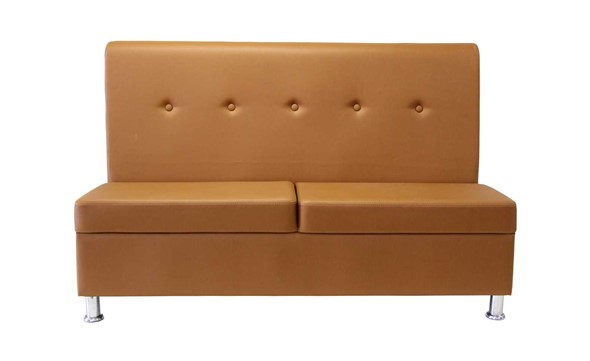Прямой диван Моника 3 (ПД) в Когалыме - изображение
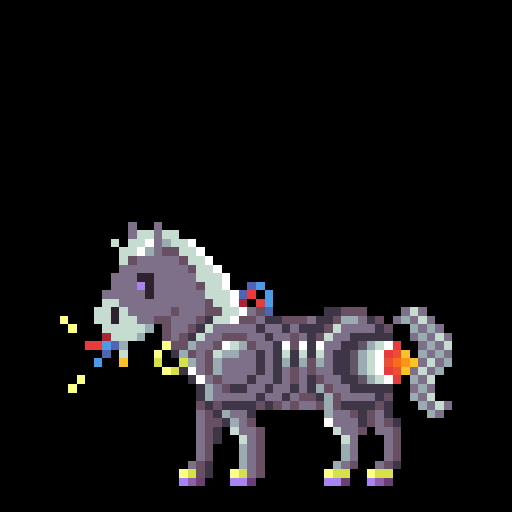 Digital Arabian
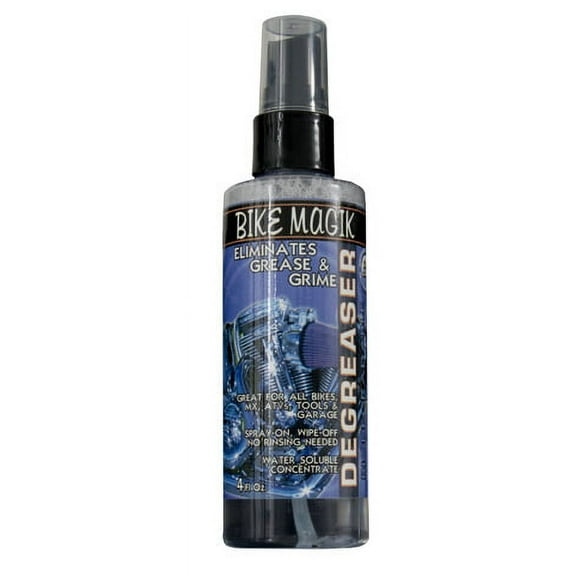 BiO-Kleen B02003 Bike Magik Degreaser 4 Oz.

...

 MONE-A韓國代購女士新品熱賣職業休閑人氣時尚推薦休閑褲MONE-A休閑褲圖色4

What this task involves =
Extract, without any images, the part of the material above that opens with the line containing "Прямой диван Моника" and closes with the line containing "BiO-Kleen B02003 Bike Magik Degreaser 4 Oz.", both lines included.

Output of the task =
Прямой диван Моника 3 (ПД) в Когалыме - изображение
 Digital Arabian
 BiO-Kleen B02003 Bike Magik Degreaser 4 Oz.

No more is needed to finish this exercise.